§ WHAT THE EXERCISE ASKS
The records below are to be repeated exactly, and their pictures left out.

§ RECORDS FOR PROCESSING
---------------
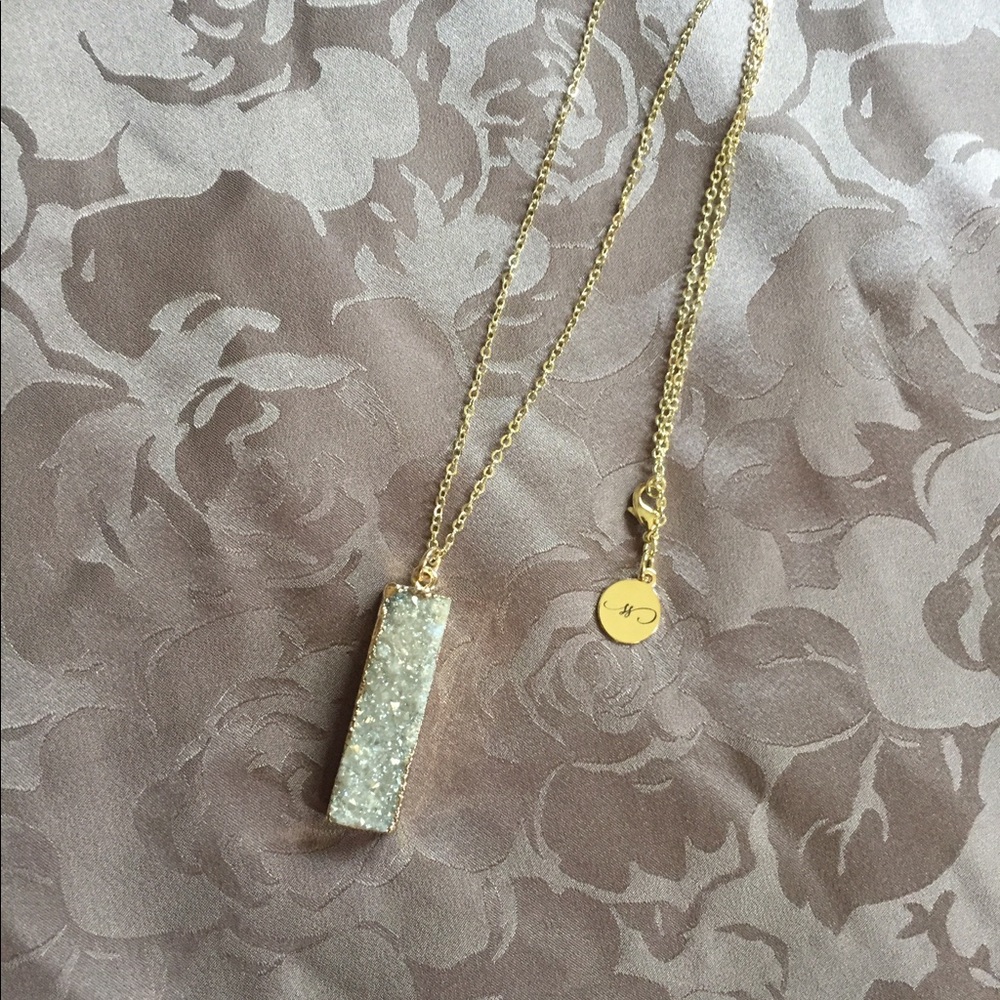 Druzy Quartz Necklace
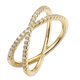 thumbnail image 1 of Anillo en X chapado en oro con circonita cúbica brillante, anillo apilable para el pulgar, alianzas de boda con diamantes de imitación, anillos cruzados para (2 piezas), 1 of 5
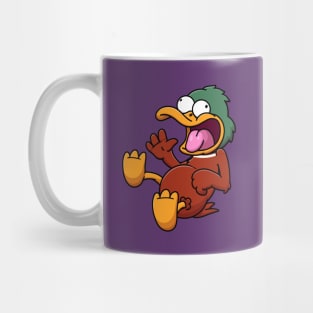 Crazy Laughing Duck Mug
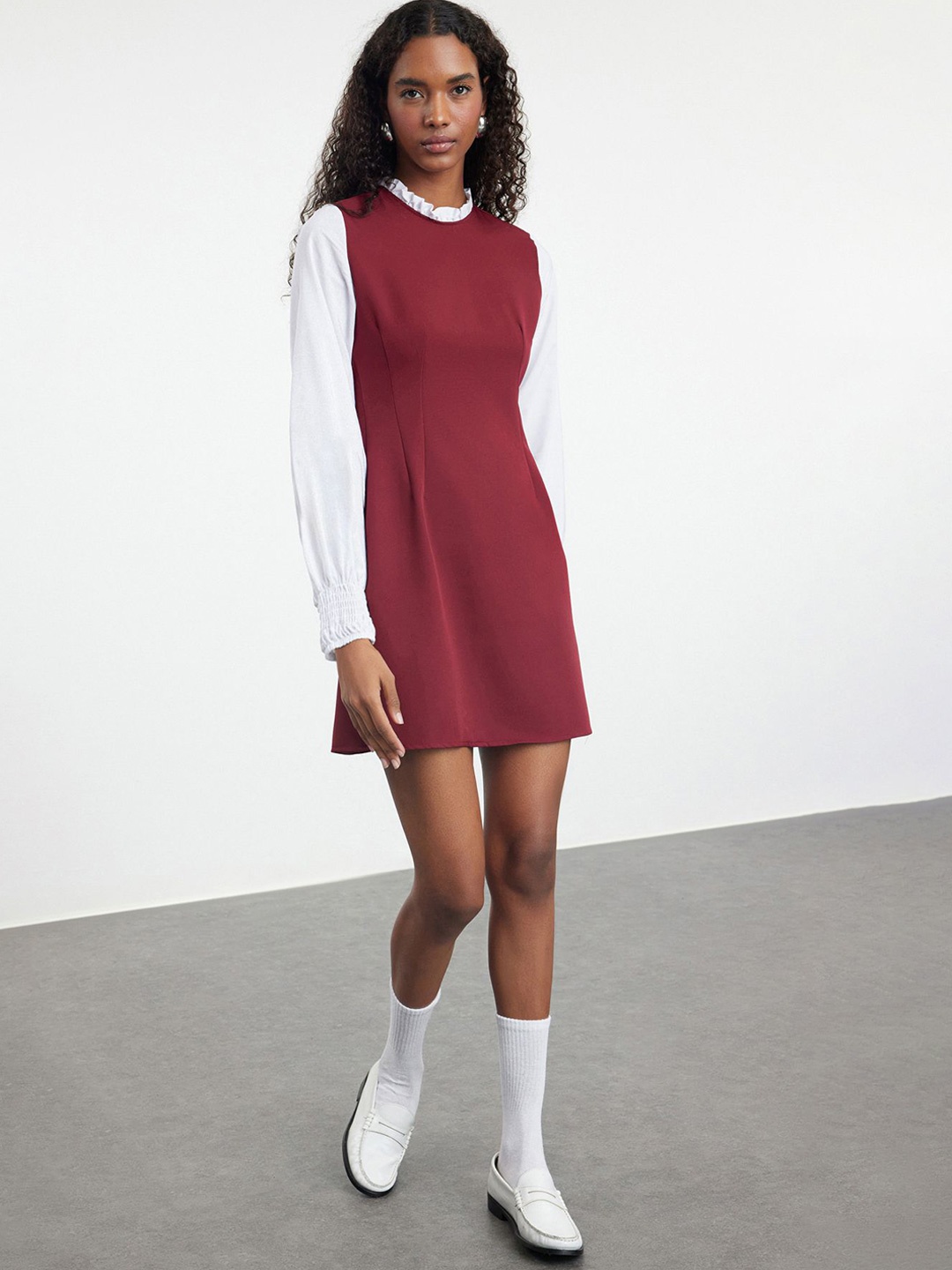 

Trendyol Colourblocked Sheath Dress, Na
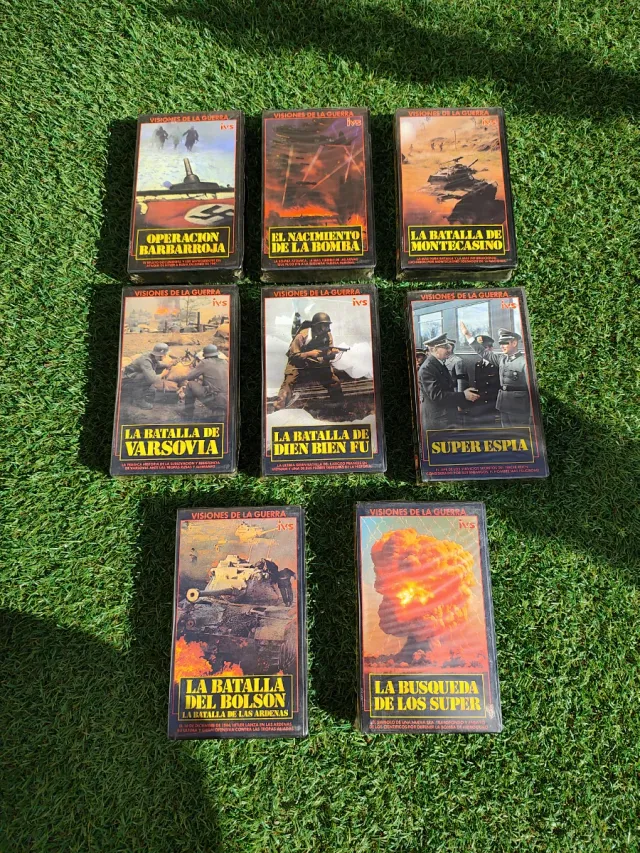 Lote 8 VHS Visiones de la Guerra (Español).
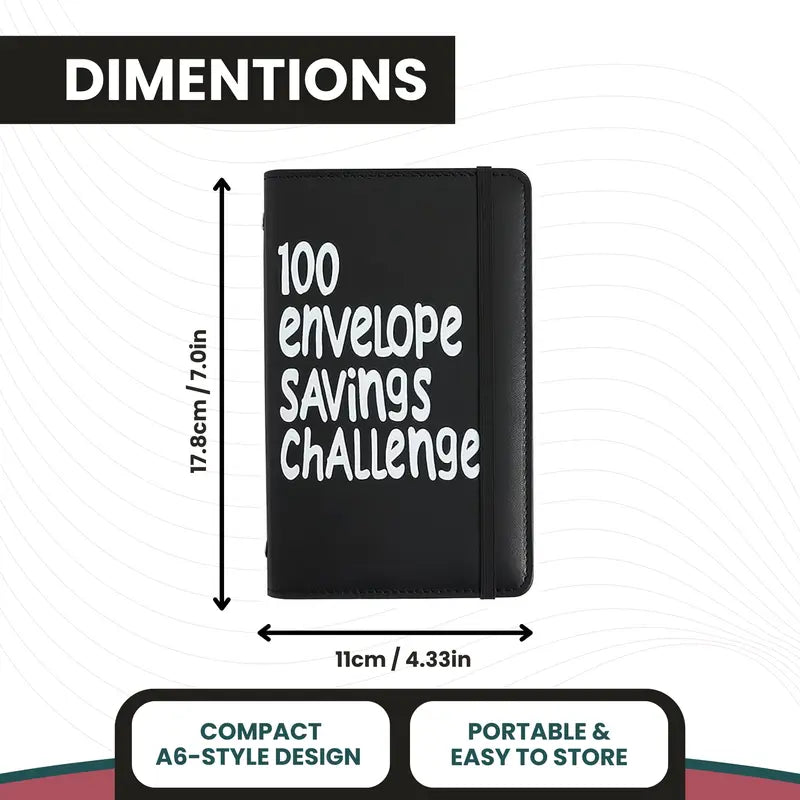💵 100 Days Dollar Saving Envelope Kit
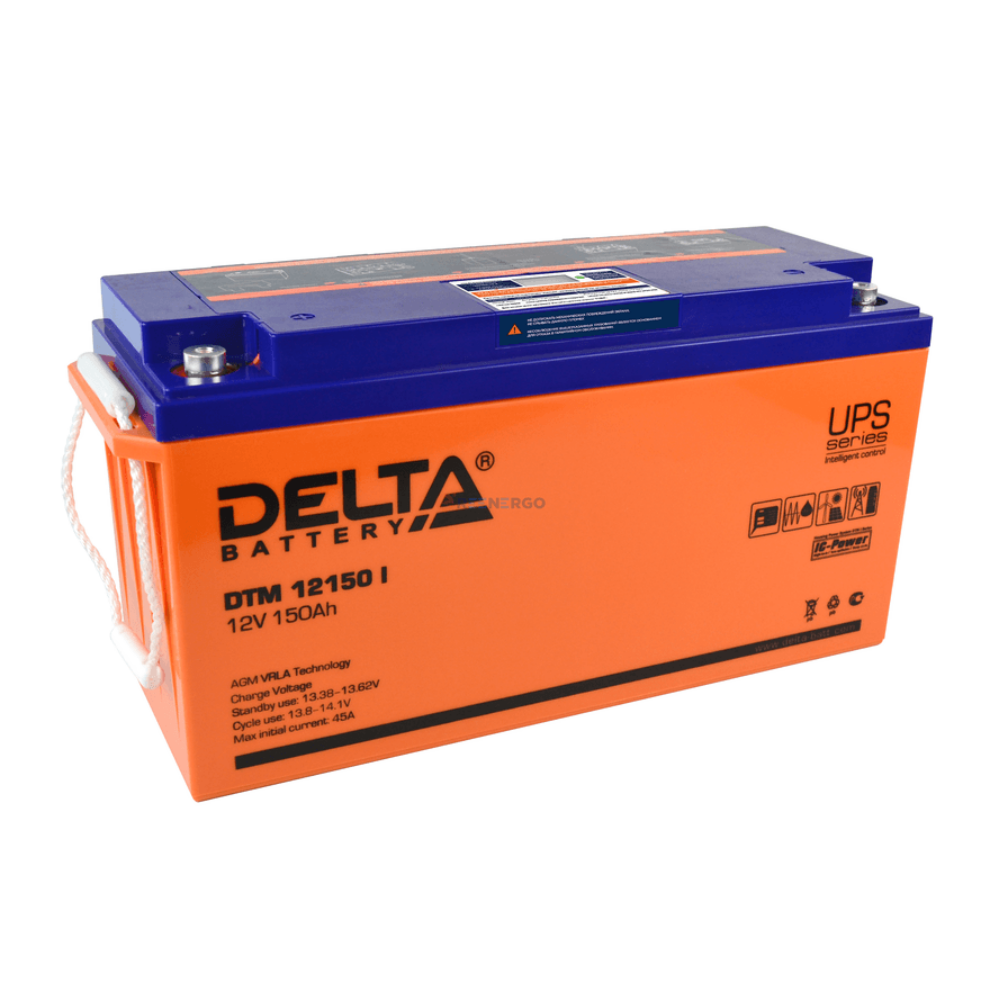 Аккумулятор Delta DTM 12150 I Аккумулятор Delta DTM 12150 I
---------------
§ TASK SOLUTION
 Druzy Quartz Necklace
 thumbnail image 1 of Anillo en X chapado en oro con circonita cúbica brillante, anillo apilable para el pulgar, alianzas de boda con diamantes de imitación, anillos cruzados para (2 piezas), 1 of 5
 Crazy Laughing Duck Mug

Trendyol Colourblocked Sheath Dress, Na
 Lote 8 VHS Visiones de la Guerra (Español).
💵 100 Days Dollar Saving Envelope Kit
 Аккумулятор Delta DTM 12150 I Аккумулятор Delta DTM 12150 I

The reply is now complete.